For these reasons, I think that it is rare that mirrored axes are needed, and so eliminating them will reduce clutter in your plot.
The axis line #
Above, we have been considering how to label the axis, and where to place it. But we still haven’t talk about one feature: the line. Just like all plot elements, we have control over the appearance of this line. The design choices we make regarding this line will have implications for how our plots appear.
Choose a good line width #
The line that you use for axes also can affect the design of your plot. For instance, if you choose a line that is too thin, it can be hard to see, and frustrating to use.
But that is probably better than the opposite: the line being too thick.
In this case, the axes dominate the visual weight of the plot, and the focus is on the axes, rather than the data.
In general, I think about the size I want for the data representation, and then make the axes lines 0.5 or 0.33 times as wide.
Avoid patterning lines #
Unless you have an amazing reason. No one uses them, so they look strange.
Avoid color lines #
Our eyes are drawn to color. So, if you use color, people will look at the axes. This is a similar problem to having the lines too thick.

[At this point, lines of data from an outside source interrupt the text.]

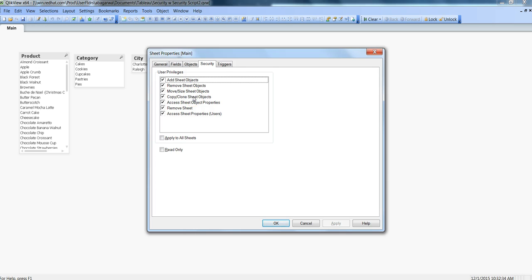Copy and Clone Sheet Objects—I think these are fine because you are just allowing them to create a similar object. Otherwise they need to create some object from scratch and that will require some technical skill. But with normal skill they can just copy or clone the existing object and make some minor changes based on their requirement. So it is fine to enable this setting.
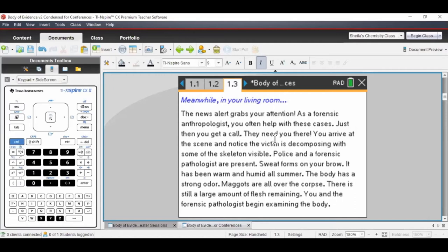Here's our first introduction to another word that keeps kids' attention: maggots. Everybody is familiar with maggots — they're fly larvae and they tend to show up on dead stuff, whether a decomposing body, a piece of meat, or vegetables. Maggots are usually found where there's dead stuff, so let's move on to the next page.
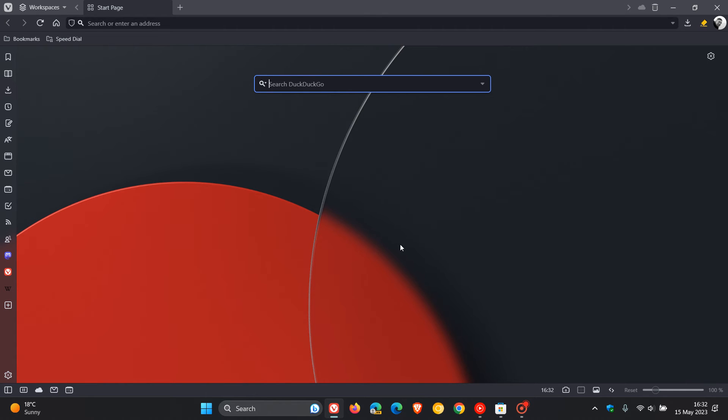Now, just to do a quick recap, Vivaldi is a browser that's packed with a lot of features. I do post videos and look at updates regarding Vivaldi on the channel.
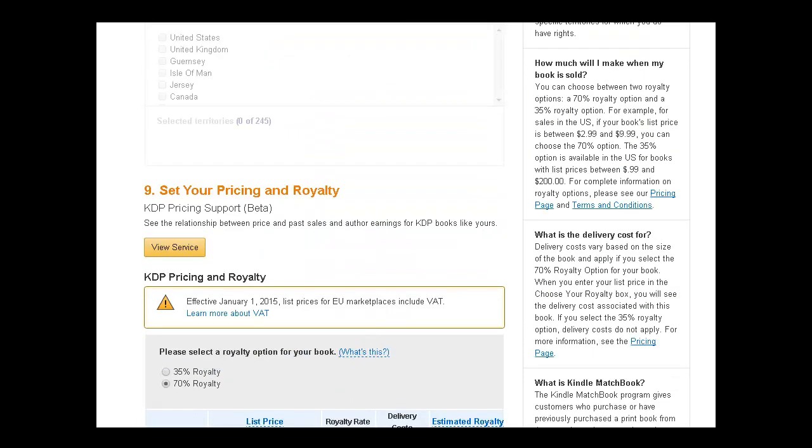And that is Amazon Kindle. So I hope you are so excited. You've got your book, you got your cover. And now that is your activity for this section to go and get your book on Amazon.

At times, you will see people that change the color of axes to match that of the data—particularly if you have two set of axes, and you want to associated one bit of data with one axis, and another set of data with another.
While I appreciate the usage of consistency between the data and axes colors, I generally think that double axes are a bad idea. Or, perhaps, that there are better ideas. For instance, rather than trying to show the connection on the same plot, why not use two plots?

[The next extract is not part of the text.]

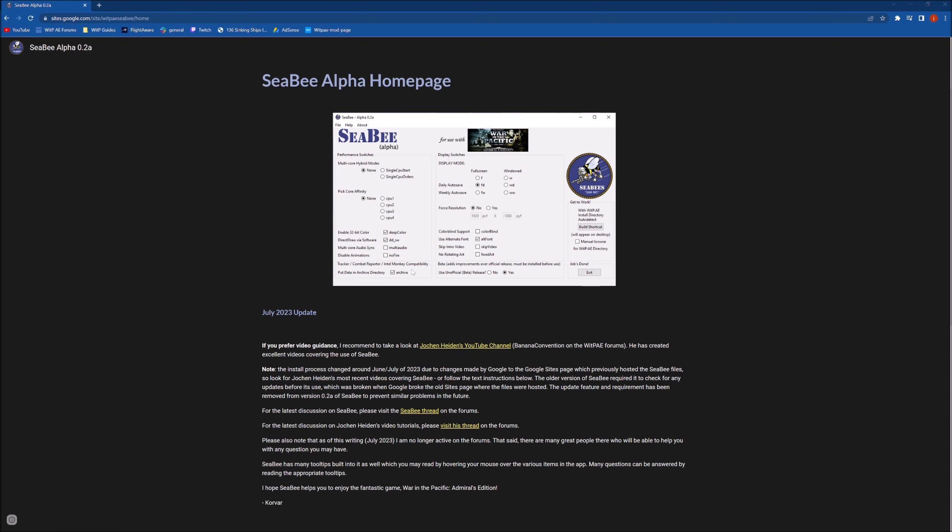Well, the original site that it was hosted on went down and we couldn't get a hold of the gentleman that created it, his name is Korvar. So I had made another video as a workaround, but on a whim I decided to send an email and sure enough, Mr. Korvar responded.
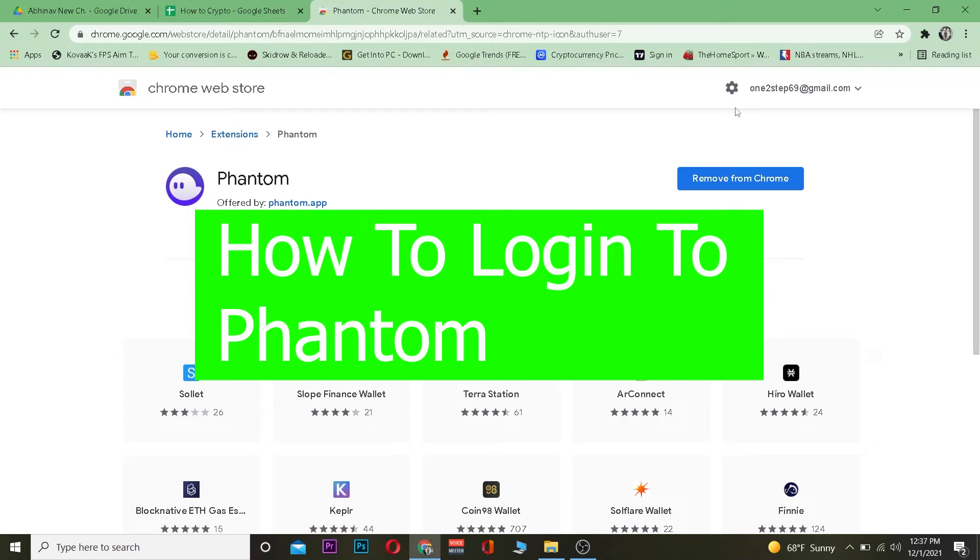Hey, what's up everybody, how you guys been doing? Welcome back to our channel How to Crypto. In today's video, I will be teaching you how you can log into your Phantom wallet.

Or if what you care about the correlation between values, you can simply plot the values versus one another, and this will make any correlation even more obvious!
Above, I have generally said that color of axes is bad. But there is one form that I think makes some sense. Taking a cue from the fact hat colored axes have too much contrast, we can use a grey for the axes, which reduces the contrast, and makes the data stand out even more.
Consider if you need a line #
Sometimes, lines are just clutter. Bar charts often don’t need them on the categorical axes—though I prefer to have them. But even on line plots, you can often get away with not having a line, especially when you are using tick marks.
This can be aided, if you have a filled plotting area.
This sort of filled plotting background, without axes lines is the default for the plotting package, ggplot2. It is very effective, but I think it often is too much ink and also reduces the contrast between the data representation and the background. Thus, I prefer the more standard white background, though the shaded region is also a reasonable choice.
Consider if the line should be placed away from tick marks #
The axis lines are often placed with tick marks touching them. But maybe not always best. Consider if 0 has a special value. Maybe place the line there, and keep tick marks at the bottom. This was the approach used for EPR, above.
Conclusions #
This section is, perhaps, longer than you might have been expecting, given that it was devoted to an element of plots that maybe you just assumed was a given. However, there are a significant number of things to consider, many of which have material impact on the overall design. Certainly it is worth paying attention to!